## Data:
::::::::::
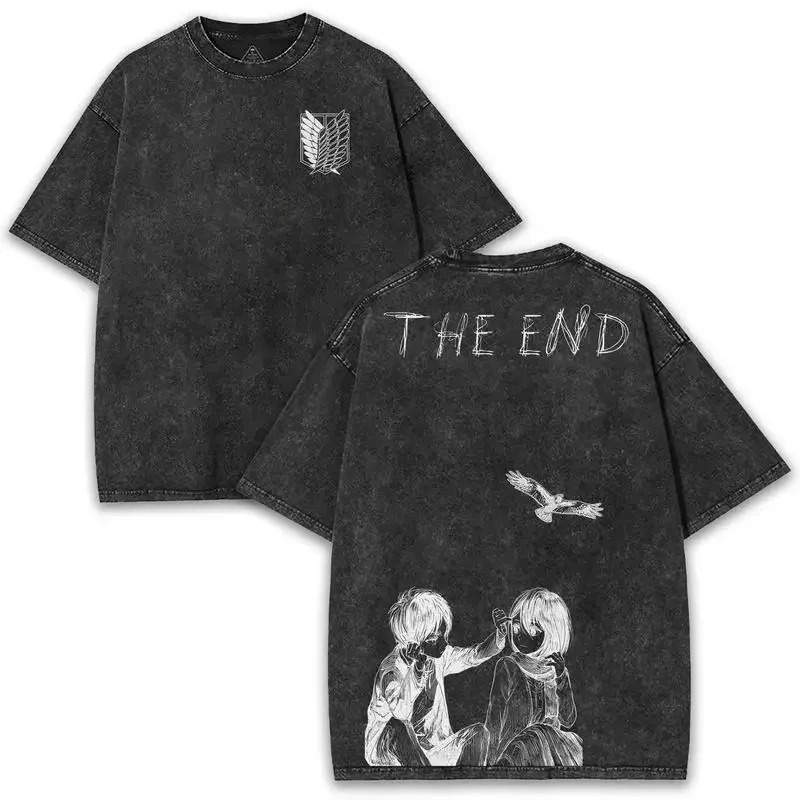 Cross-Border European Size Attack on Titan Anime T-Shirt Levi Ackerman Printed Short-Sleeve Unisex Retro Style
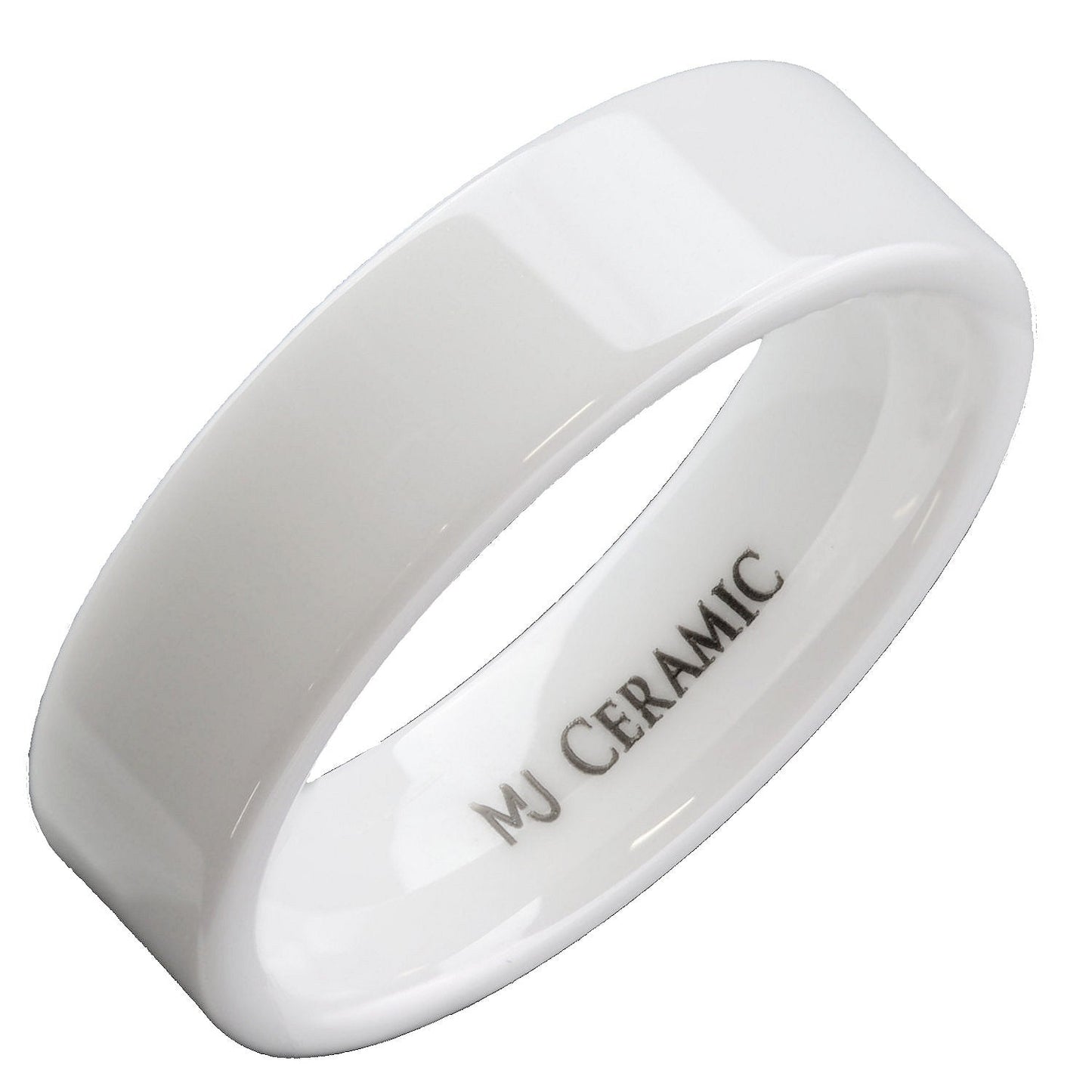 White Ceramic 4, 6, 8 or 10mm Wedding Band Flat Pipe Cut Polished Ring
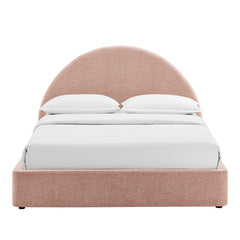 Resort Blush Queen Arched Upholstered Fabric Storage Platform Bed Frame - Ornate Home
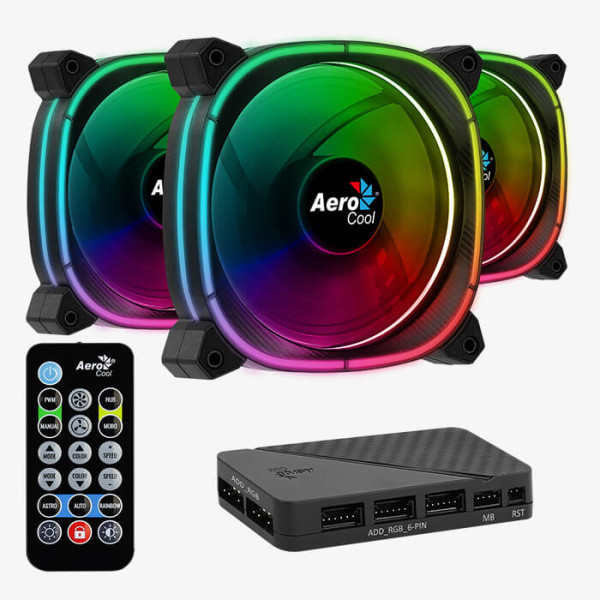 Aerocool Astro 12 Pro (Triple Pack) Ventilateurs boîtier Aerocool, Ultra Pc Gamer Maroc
::::::::::
## Assigned task:
Could the lines above be copied out exactly, with no image carried over?

## Result of this task:
 Cross-Border European Size Attack on Titan Anime T-Shirt Levi Ackerman Printed Short-Sleeve Unisex Retro Style
 White Ceramic 4, 6, 8 or 10mm Wedding Band Flat Pipe Cut Polished Ring
 Resort Blush Queen Arched Upholstered Fabric Storage Platform Bed Frame - Ornate Home
 Aerocool Astro 12 Pro (Triple Pack) Ventilateurs boîtier Aerocool, Ultra Pc Gamer Maroc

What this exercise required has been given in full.